### Records supplied
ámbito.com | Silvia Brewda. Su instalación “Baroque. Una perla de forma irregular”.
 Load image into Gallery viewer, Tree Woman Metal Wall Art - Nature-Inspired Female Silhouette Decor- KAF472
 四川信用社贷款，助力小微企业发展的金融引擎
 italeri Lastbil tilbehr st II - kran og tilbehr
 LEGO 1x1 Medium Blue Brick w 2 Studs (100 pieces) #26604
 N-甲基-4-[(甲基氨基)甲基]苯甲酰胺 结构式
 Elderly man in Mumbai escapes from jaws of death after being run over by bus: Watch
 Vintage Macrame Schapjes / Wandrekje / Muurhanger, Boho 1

### What the task asks
The response is the exact set of lines from the one holding "四川信用社贷款，助力小微企业发展的金融引擎" through the last line of the material.

### Problem solution
 四川信用社贷款，助力小微企业发展的金融引擎
 italeri Lastbil tilbehr st II - kran og tilbehr
 LEGO 1x1 Medium Blue Brick w 2 Studs (100 pieces) #26604
 N-甲基-4-[(甲基氨基)甲基]苯甲酰胺 结构式
 Elderly man in Mumbai escapes from jaws of death after being run over by bus: Watch
 Vintage Macrame Schapjes / Wandrekje / Muurhanger, Boho 1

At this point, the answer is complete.